A few years ago, after watching the Barefoot Contessa pull a jar of 25-year-old homemade vanilla extract out of her incredible pantry, I was inspired to make my own. According to Ina, as her supply runs low, she just keeps topping off the jar with more vodka and the vanilla beans keep replenishing her supply. Vanilla extract is an essential ingredient in my kitchen, and one I tend to use even more quickly in the winter months when I am baking more often.
If you’ve heard the term ‘Bourbon vanilla’ before, it actually refers to any extract made with vanilla beans that have come from an island off of Madagascar, formerly known as Île Bourbon. While vanilla extract is typically made with vodka, it can be made with any 40% or 80-proof alcohol. Using bourbon as the carrier liquid will impart extra depth of flavor to any recipe. Now that I’ve been enjoying my bottomless vodka-based jar of vanilla for a few years, I wanted to diversify my options by making a vanilla extract with bourbon.
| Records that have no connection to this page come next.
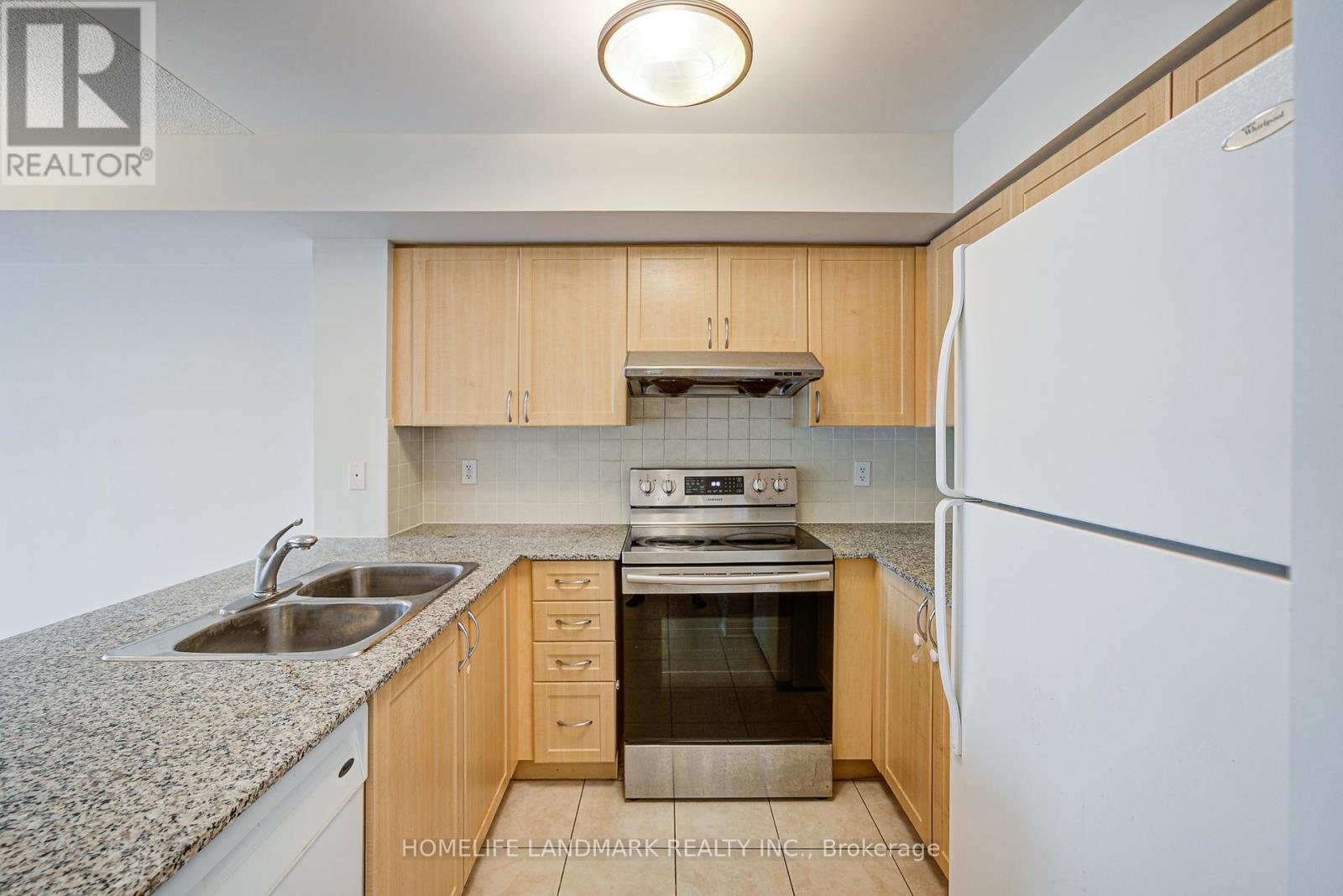 Property at 311 - 75 SOUTH TOWN CENTRE BOULEVARD image 5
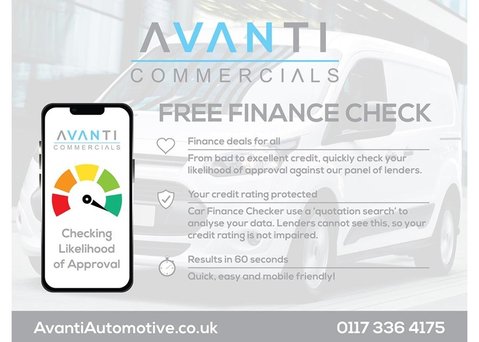 Ford Transit Custom 2.0 320 EcoBlue Limited Crew Van Double Cab 5dr Diesel Manual L2 H1 Euro 6 10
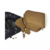 imgi_3_1772617326-1770721272-20251022-090011-png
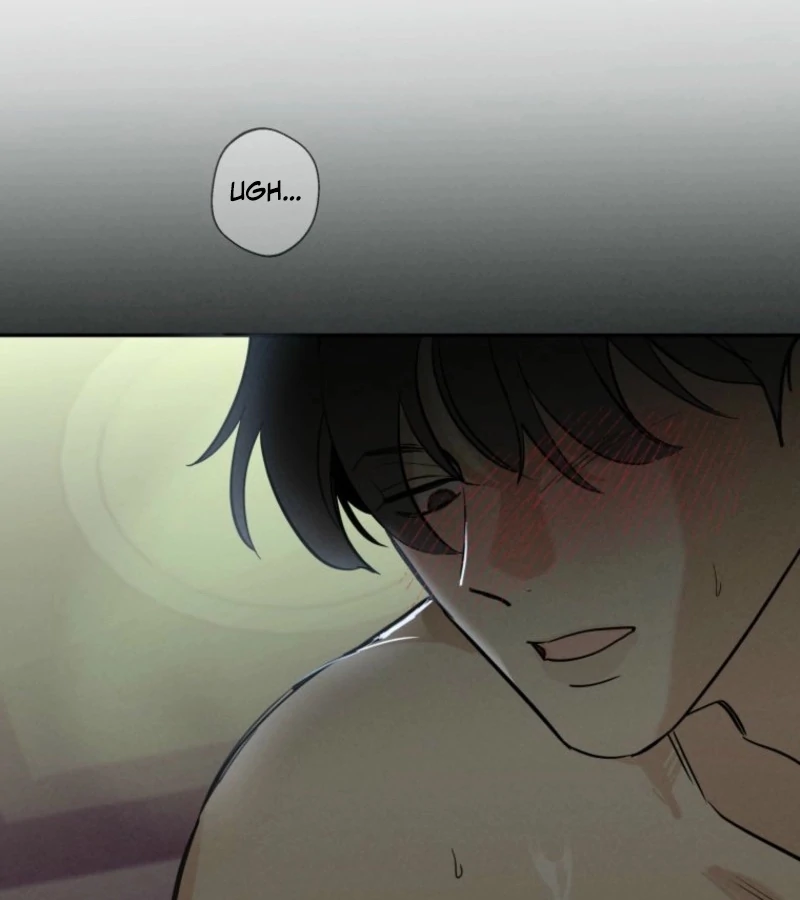 Another Woman’s Man Chapter 21 - Page 6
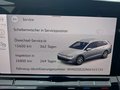 Fahrzeugstatus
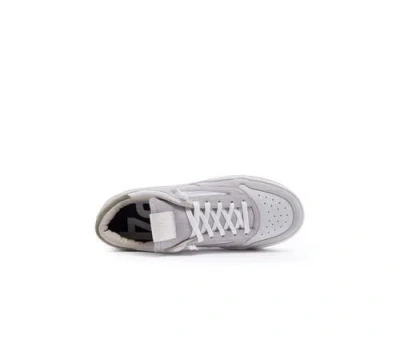 P448 Mens Brixton Sneaker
Specifically, after visiting the Maker’s Mark distillery in Loretto, Kentucky late last year, I opted for the original Maker’s Mark bourbon which has tasting notes of spiced honey, citrus peels and butterscotch. Here’s how I made it:
Ingredients
Handle of bourbon (approximately 60 ounces)
Place the vanilla beans upright in an extra large, wide-mouth jar with an airtight lid (I used this 64-oz capacity jar) and fill the jar with the entire bottle of bourbon, making sure the vanilla beans are completely submerged. Allow this mixture to sit at room temperature for at least a month, but up to six months before it’s ready to use. This mixture has an indefinite shelf life (as the Barefoot Contessa herself says, hers has been going over a couple of decades!). The key, she says, is to top off the jar whenever the liquid starts to get low. The bonus ingredient that this process yields is vanilla bean paste. Simply pull one of the beans out of the jar, snip the end, and squeeze out as much paste as your recipe calls for. Put the bean back in the jar when you’re done to keep it working.